The motto handed down from my parents, my community and church was to treat people the way you wished to be treated, as in the Golden Rule.   The bully stereotype has always been some big ugly cuss who wants to pick on weaklings and kick sand in their face. So flipping this adage on its head, I guess a bully wants to be bullied.

In our contemporary world, unfortunately, it’s much more subtle than that.   We are exposed to constant bullying via the media particularly Fox News and its many hatemongers as well as the billionaire corporate architects behind the Tea Party.  You know, Karl Rove, the Koch Brothers, Grover Norquist, Dick Army, et al.  Ever since Obama came in office, the public has been bullied to, in most cases, vote against our self-interest by putting the Republicans back in power who were majorly responsible for creating the mess we’re in—yes w/ help from some of the Democrats.  After all, Big Money trumps all.

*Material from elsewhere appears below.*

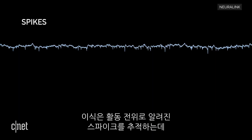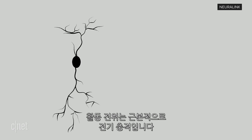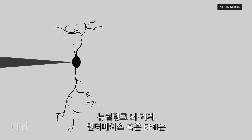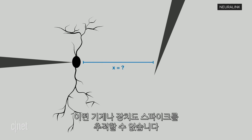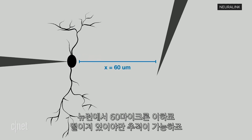At number five: why bother with a brain implant at all? The implant is trying to track spikes, also known as action potentials. Essentially, an action potential is an electrical impulse — a spike happens when a neuron sends information. Neuralink's Brain Machine Interface, or BMI, can track the spikes in real time. There is no wearable that can track the spikes because you need to be under 60 microns away from the neuron for tracking.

Enough of the big picture though.  I’m more annoyed by the small ‘p’ politics:  pettiness, envy, negativity, the small-mindedness which now thrive in the horrible big ‘p’ political atmosphere.  This  atmosphere germinates Bullies, because they always pick on those they perceive as having less status then themselves. Why?  Because the bully wouldn’t want to take the chance to lose their job, a valuable connection or a valued friend by taking on someone perceived to be above them. In the  classic TV show Seinfeld, it used to be called a “George moment”:  Someone socially eviserates you in a compromising situation. First, you barely realize it till later that you’ve been dissed bigtime, and second, don’t have the momentary sharp wit to respond accordingly and extract yourself gracefully. 

So to nip in the bud this widespread, ugly, practice and even the score w/ your abuser I’ve come up with a response I call “holding the mirror up.”   When my instinct kicks in to let me know I’ve been/am being disrespected, I release myself from the Golden Rule and let my angry freak flag fly though I try to keep my composure when doing this for max effectiveness.  My very diplomatic Dad used to call it “the needle”—to pop the bubble of pompous self-importance. 

The reason I’m so in tune w/ bullying is because of my PTSD that was provoked by the bullying of the federal gov’t that drafted my ass during the Vietnam War and subsequently screwed w/ my life and  reputation.  So I have a hair trigger when it comes to knowing when I’ve been put down.  Unfortunately it’s hard to practice holding up the mirror everytime because often you can be in an  aforementioned compromised and delicate position w/ potential  negative consequences attached.   So you have to go home and lick  your wounds and figure things out and reclaim your self-worth.